* _Data shown_:
—————
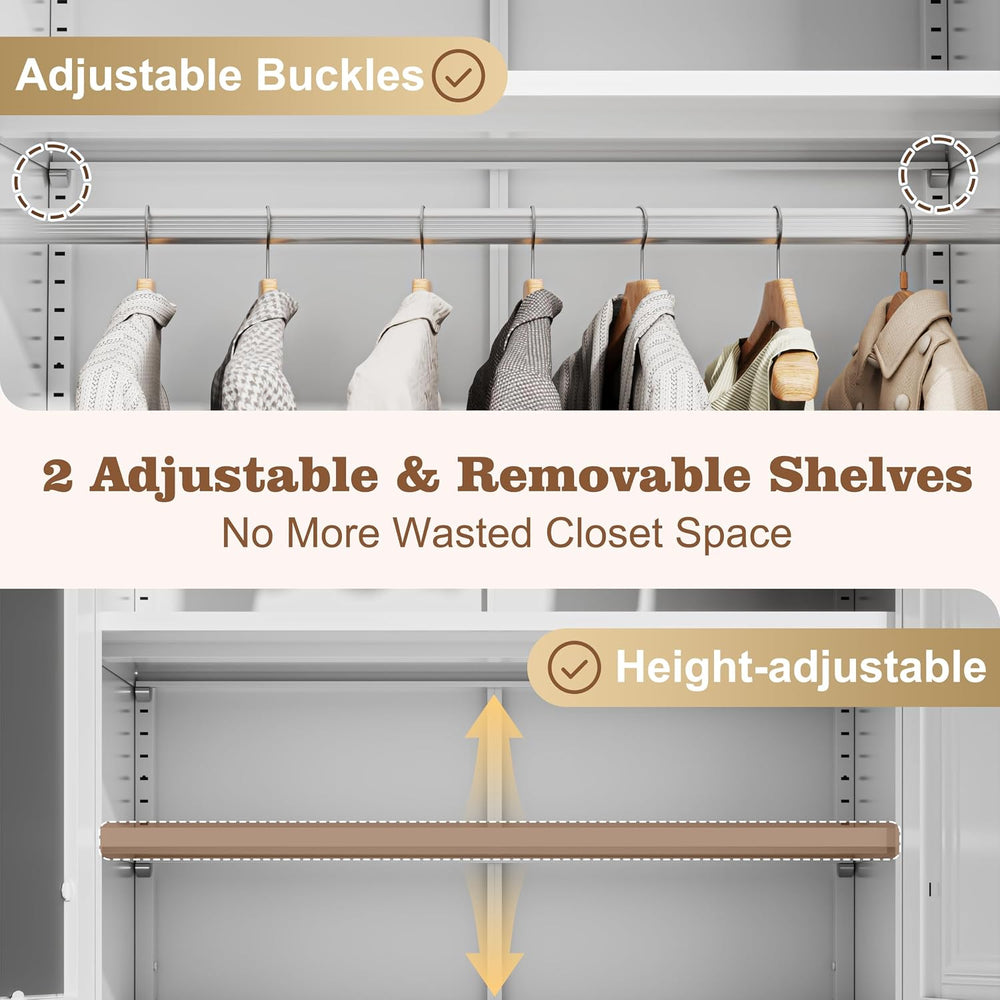 86" White Armoire Wardrobe Closet with Full Mirror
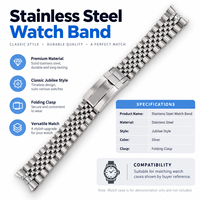 Bracelet de montre de luxe étanche en acier inoxydable 904L de 20 mm, maillons en métal massif avec fermoir déployant, bracelet de remplacement OEM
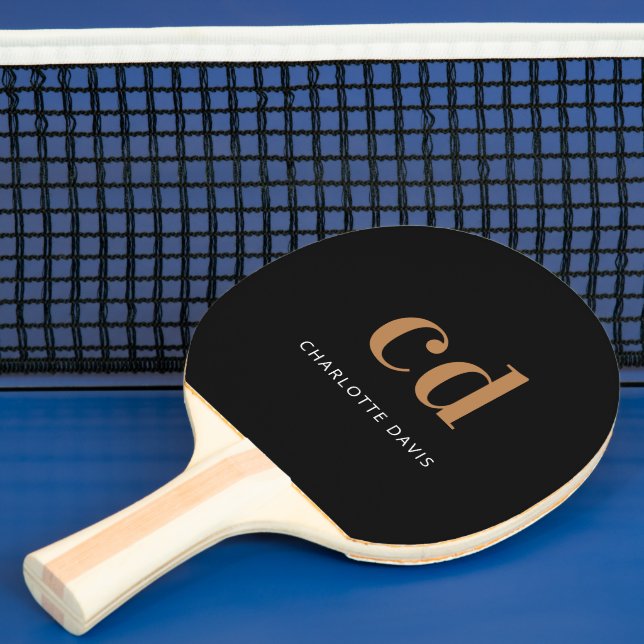 Raquette De Ping Pong Noir nom monogramme or élégant moderne (Insitu)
—————
* _Exercise_: Write out exactly and only the lines that run from the start of the data above through the line containing "Bracelet de montre", leaving the pictures out.

* _Exercise response_:
 86" White Armoire Wardrobe Closet with Full Mirror
 Bracelet de montre de luxe étanche en acier inoxydable 904L de 20 mm, maillons en métal massif avec fermoir déployant, bracelet de remplacement OEM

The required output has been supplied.